+++ DATA LISTING
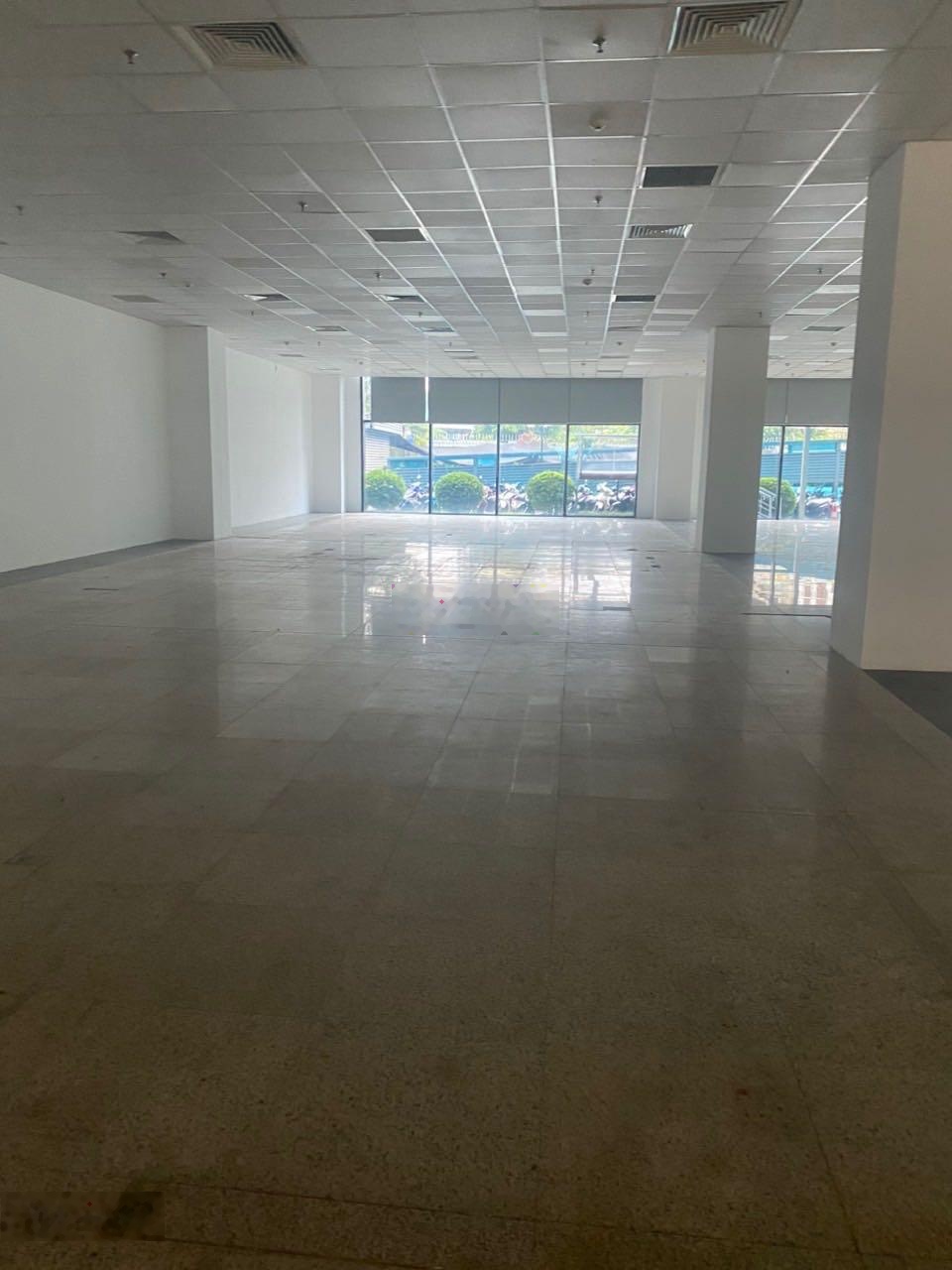 BQL cho thuê văn phòng toà The Matrix One Mễ Trì DT 50m2, 74m2, 165m2, 215m2, 1532m2 giá 140k/m2/th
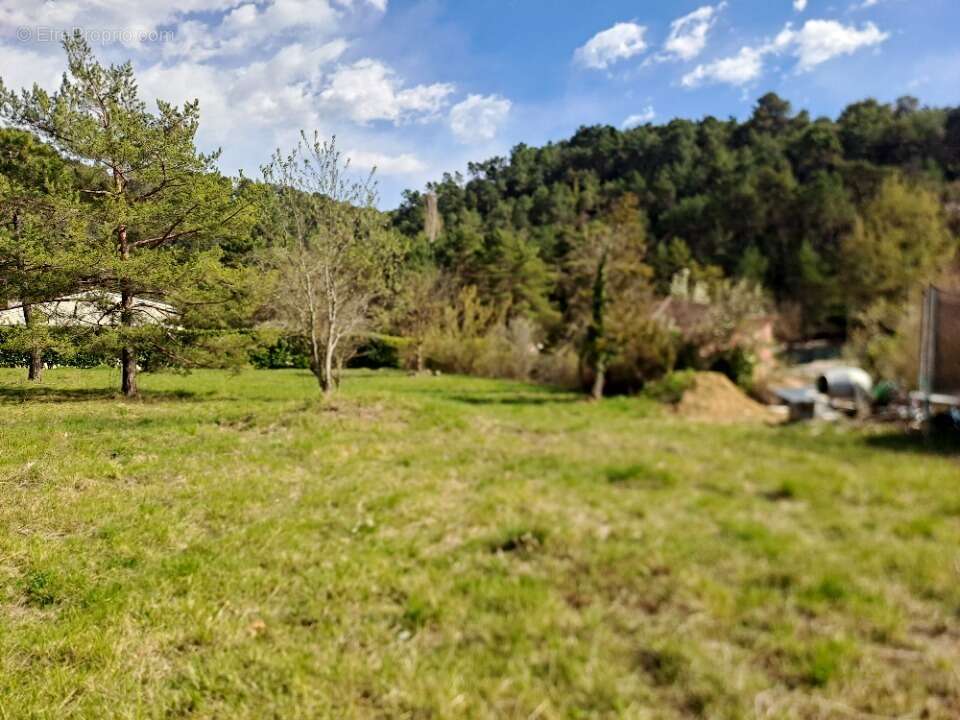 Terrain à LEVENS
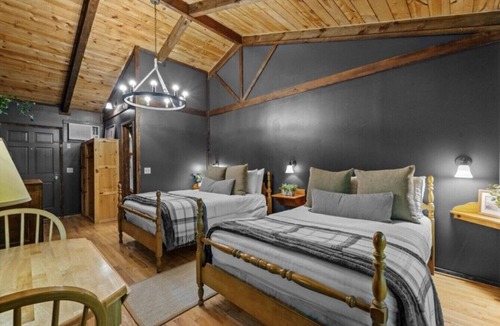 Sautee Nacoochee Bed & Breakfast | The Lost Compass - Suite #2 - Cozy Cabin Retreat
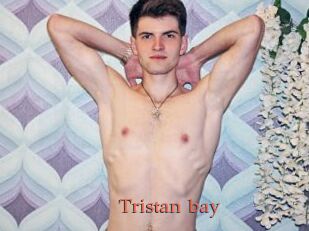 Tristan_bay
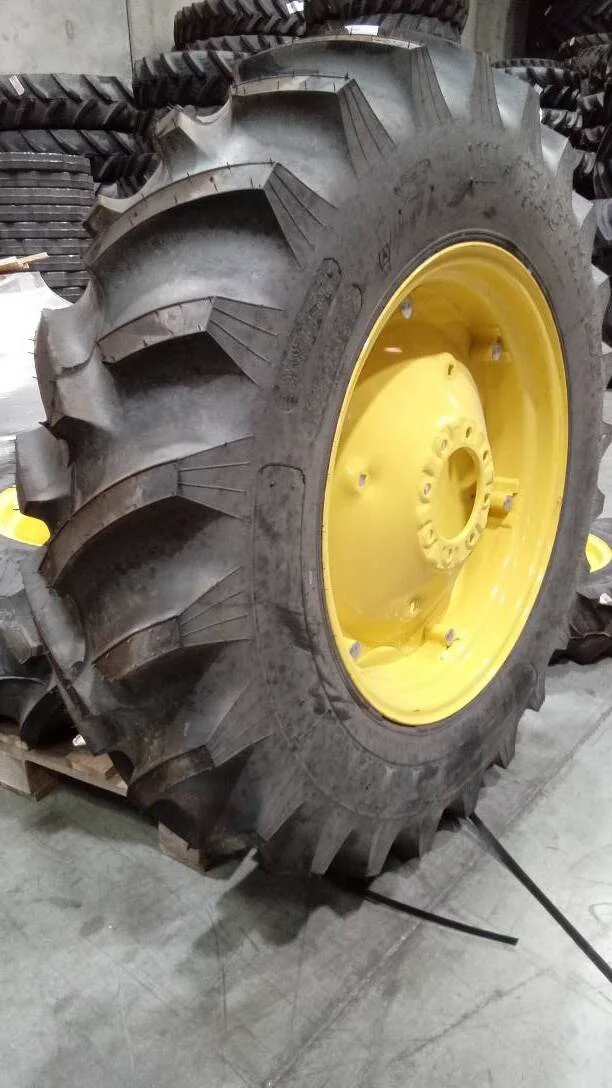 Take-Off 13.6-28 117AB Titan Hi Traction Lug TL R-1 95-100% On 11 x 28 (8-8-6) 6 Clamp/Disc image 2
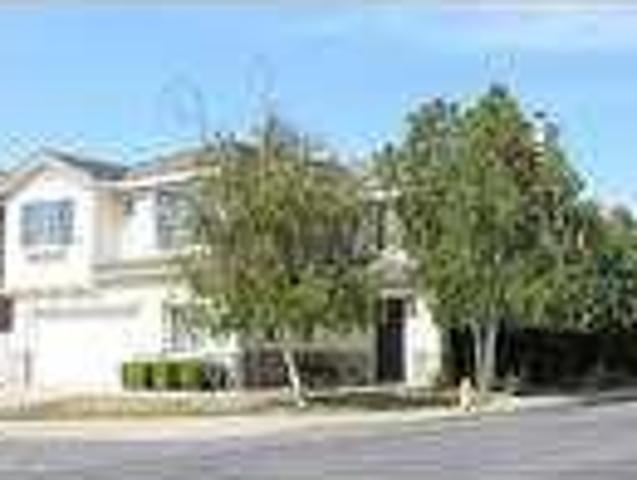 4 bedroom in Simi Valley California 93063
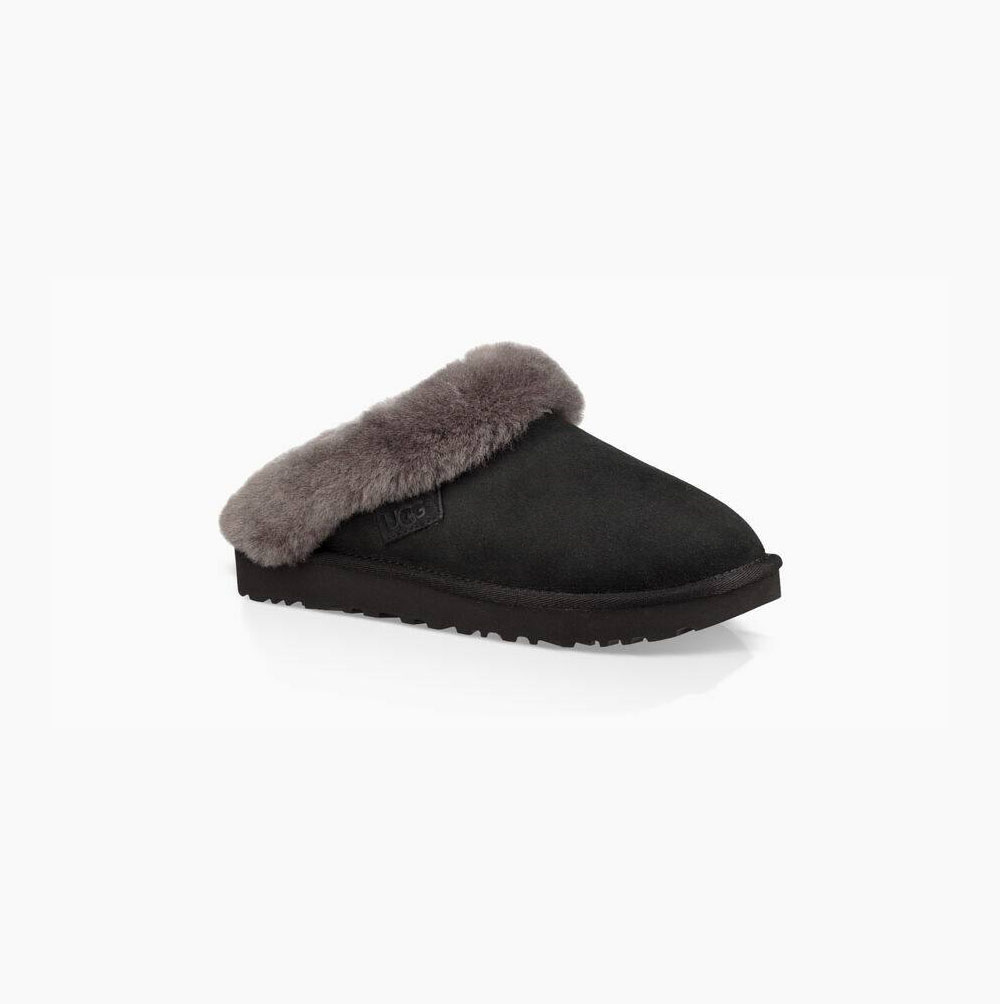 UGG Cluggette Black Slippers for Women (YKNX26305)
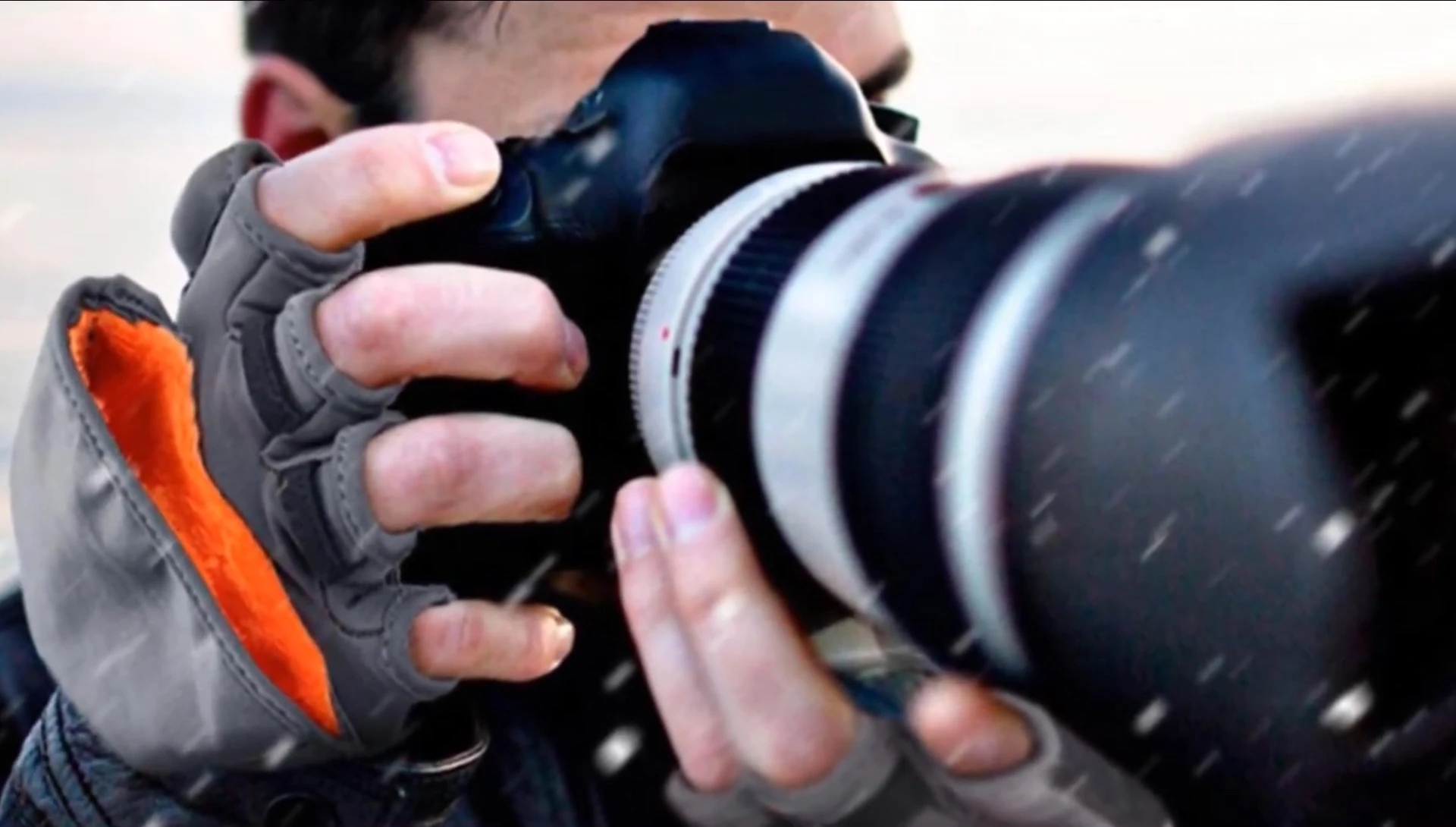Close-up of the mitts demonstrating the fingertip exposure feature.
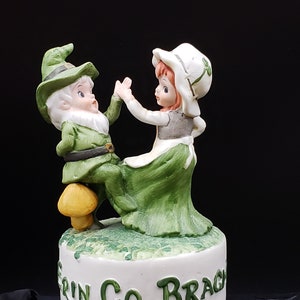 Vintage Irish Lad and Lassie St Patrick's Day Rotating Music Box Gift for St Patrick's Day Mantle Party Decor Music Box Collectible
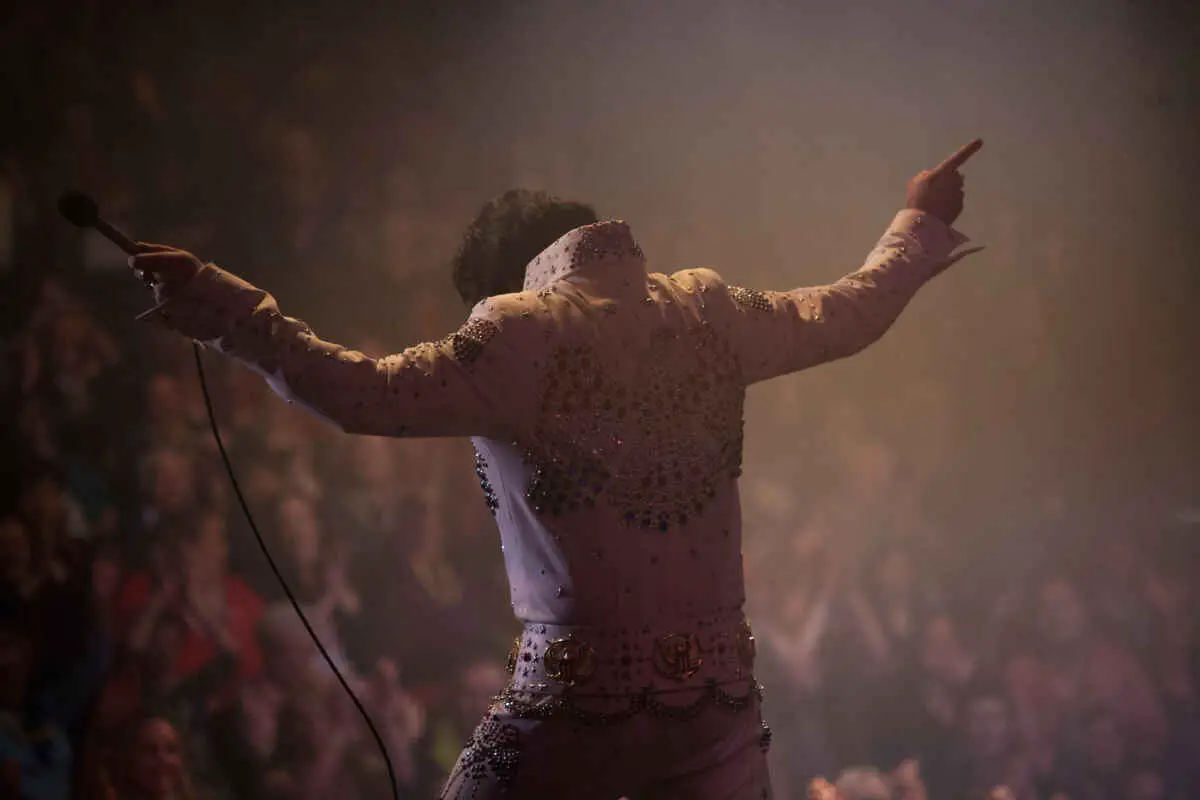 1000+ Vegas Visitors Reveal Their 10 Biggest Travel Regrets 11 Elvis in Vegas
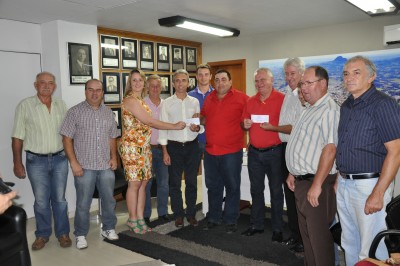 Paulo Butzge recebe repasse da C�mara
++++++
*WHAT TO PRODUCE:* Repeat word for word the lines beginning at the one with "1000+ Vegas Visitors" and ending at the final line of the records above, both included, and no others. Leave the pictures out.

*EXERCISE RESULT:*
 1000+ Vegas Visitors Reveal Their 10 Biggest Travel Regrets 11 Elvis in Vegas
 Paulo Butzge recebe repasse da C�mara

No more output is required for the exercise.